▶ [ASSIGNMENT]
Below are the entries; give again exactly the lines from the one mentioning "Антиперспирант шариковый, Rexona, 50" through the one mentioning "Boala neștiută de", inclusive.
*** SUPPLIED DATA Section Begins ***
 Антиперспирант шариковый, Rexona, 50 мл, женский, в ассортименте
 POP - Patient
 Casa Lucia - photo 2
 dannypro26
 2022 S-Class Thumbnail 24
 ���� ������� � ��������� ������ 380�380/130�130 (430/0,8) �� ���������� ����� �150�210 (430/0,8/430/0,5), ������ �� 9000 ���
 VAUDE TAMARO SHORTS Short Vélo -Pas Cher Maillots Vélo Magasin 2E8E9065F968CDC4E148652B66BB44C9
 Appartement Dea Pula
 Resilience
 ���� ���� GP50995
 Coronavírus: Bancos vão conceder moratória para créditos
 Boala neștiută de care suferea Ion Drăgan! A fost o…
*** SUPPLIED DATA Section Ends ***
*** SUPPLIED DATA Section Begins ***
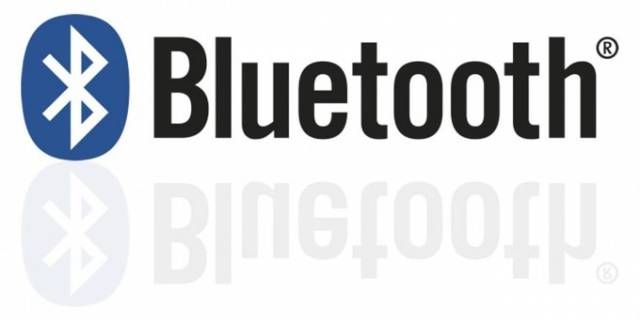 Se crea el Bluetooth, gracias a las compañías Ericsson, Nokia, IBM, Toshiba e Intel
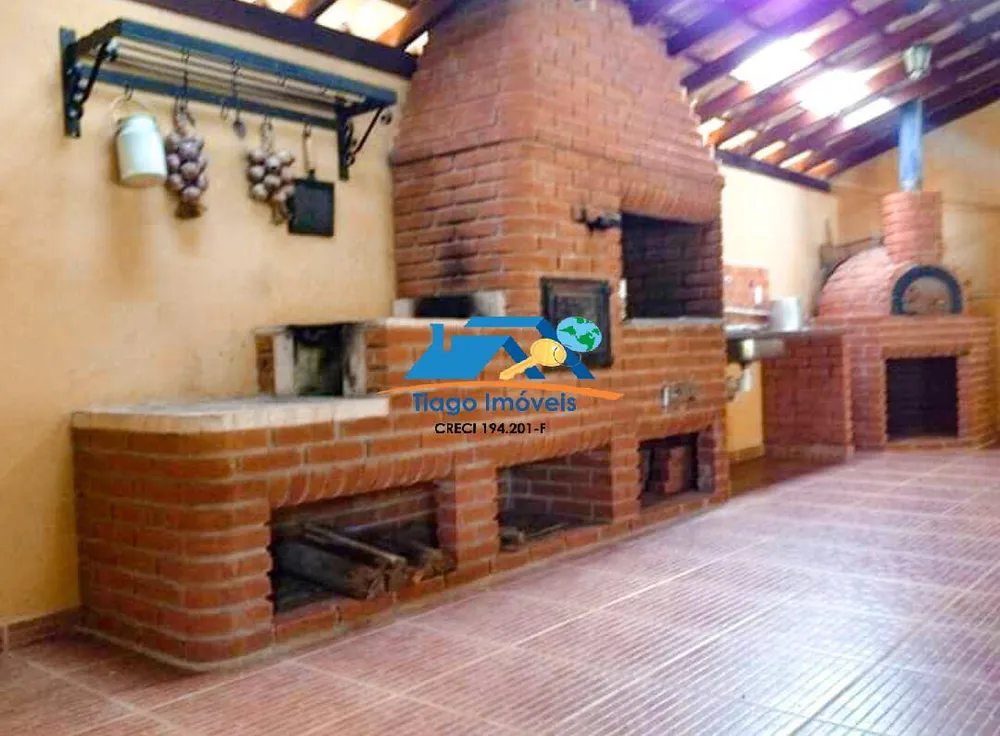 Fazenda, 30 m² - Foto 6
*** SUPPLIED DATA Section Ends ***
▶ [SOLUTION BELOW]
 Антиперспирант шариковый, Rexona, 50 мл, женский, в ассортименте
 POP - Patient
 Casa Lucia - photo 2
 dannypro26
 2022 S-Class Thumbnail 24
 ���� ������� � ��������� ������ 380�380/130�130 (430/0,8) �� ���������� ����� �150�210 (430/0,8/430/0,5), ������ �� 9000 ���
 VAUDE TAMARO SHORTS Short Vélo -Pas Cher Maillots Vélo Magasin 2E8E9065F968CDC4E148652B66BB44C9
 Appartement Dea Pula
 Resilience
 ���� ���� GP50995
 Coronavírus: Bancos vão conceder moratória para créditos
 Boala neștiută de care suferea Ion Drăgan! A fost o…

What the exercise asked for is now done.